After Biden wins a narrow Electoral College victory, Trump refuses to accept the results, won’t leave the White House and declines to allow the Biden transition team customary access to agencies before the Jan. 20 inauguration.
Far-fetched conspiracy theories? Not to a group of worst-case scenario planners — mostly Democrats, but some anti-Trump Republicans as well — who have been gaming out various doomsday options for the 2020 presidential election. Outraged by Trump and fearful that he might try to disrupt the campaign before, during and after Election Day, they are engaged in a process that began in the realm of science fiction but has nudged closer to reality as Trump and his administration abandon long-standing political norms.
The anxiety has intensified in recent weeks as the president continues to attack the integrity of mail voting and insinuate that the election system is rigged, while his Republican allies ramp up efforts to control who can vote and how. Just last week, Trump threatened to withhold funding from states that defy his wishes on expanding mail voting, while also amplifying unfounded claims of voter fraud in battleground states.
“In the eight to 10 months I’ve been yapping at people about this stuff, the reactions have gone from, ‘Don’t be silly, that won’t happen,’ to an increasing sense of, ‘You know, that could happen,’” said Rosa Brooks, a Georgetown University law professor. Earlier this year, Brooks convened an informal group of Democrats and never-Trump Republicans to brainstorm about ways the Trump administration could disrupt the election and to think about ways to prevent it.
But the anxiety is hardly limited to outside groups.
Marc Elias, a Washington lawyer who leads the Democratic National Committee’s legal efforts to fight voter suppression measures, said not a day goes by when he doesn’t field a question from senior Democratic officials about whether Trump could postpone or cancel the election. Prodded by allies to explain why not, Elias wrote a column on the subject in late March for his website — and it drew more traffic than anything he’d ever published.

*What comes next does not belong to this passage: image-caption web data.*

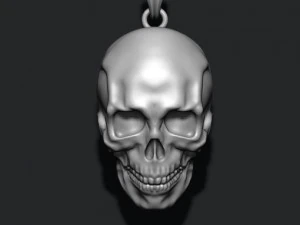 Skull pendant 3D Print Model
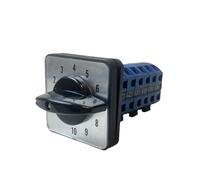 LW26-25 Rotary Cam Switch 64X64mm Panel Ui 690V 25A 6 Poles For Welding Machine 10 Position NWPNLXEA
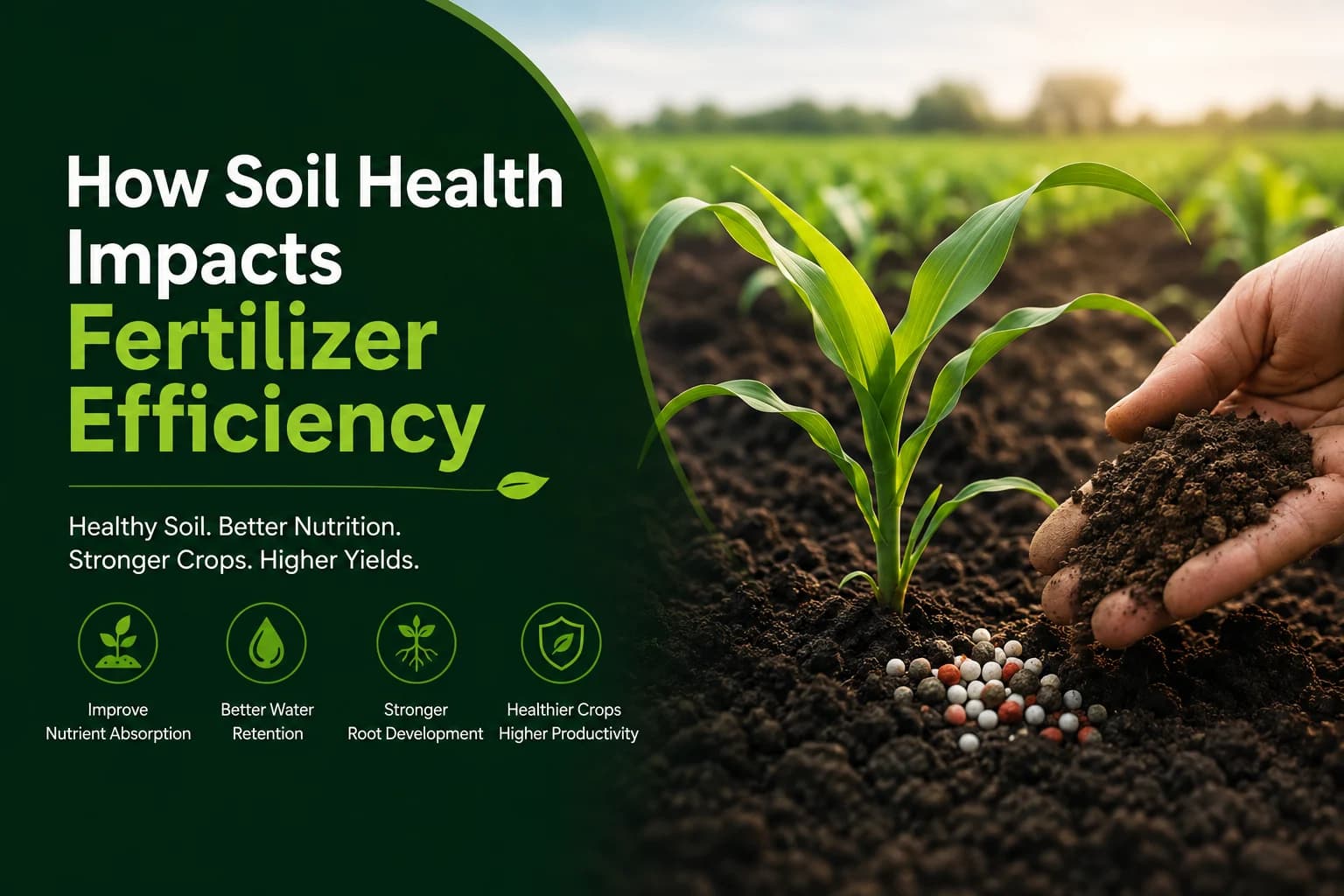 How Soil Health Impacts Fertilizer Efficiency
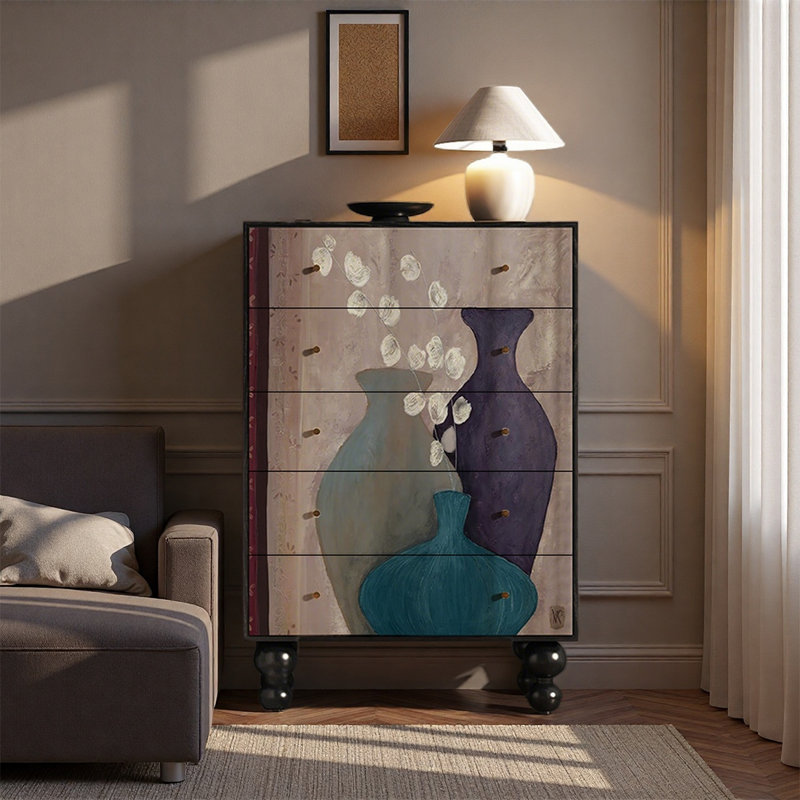 Sturdy Solid Pine Decorative Cabinet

But changing the date of the election is not what worries Elias. The bigger threat in his mind is the possibility that the Trump administration could act in October to make it harder for people to vote in urban centers in battleground states — possibilities, he said, that include declaring a state of emergency, deploying the National Guard or forbidding gatherings of more than 10 people.
Such events could serve to depress or discourage turnout in pockets of the country that reliably vote for Democrats.
“That to me is that frame from which all doomsday scenarios then go,” he said.
To ward off such a scenario, Elias is engaged in multiple lawsuits aimed at making it easier to cast absentee ballots by mail and making in-person voting more available, either on Election Day or in the preceding weeks.
Biden, for his part, has suggested more than once that Trump might try to disrupt or delay the election. And his campaign grew very concerned this month when it was announced that election security briefings, which in past cycles had been delivered to candidates by the FBI and the Department of Homeland Security, would now be the province of the director of national intelligence. That post is currently held by John Ratcliffe, a Trump ally who was confirmed to the position Thursday. Ratcliffe was among the president’s chief Fox News defenders during the Russia investigation and has been a sharp critic of the FBI.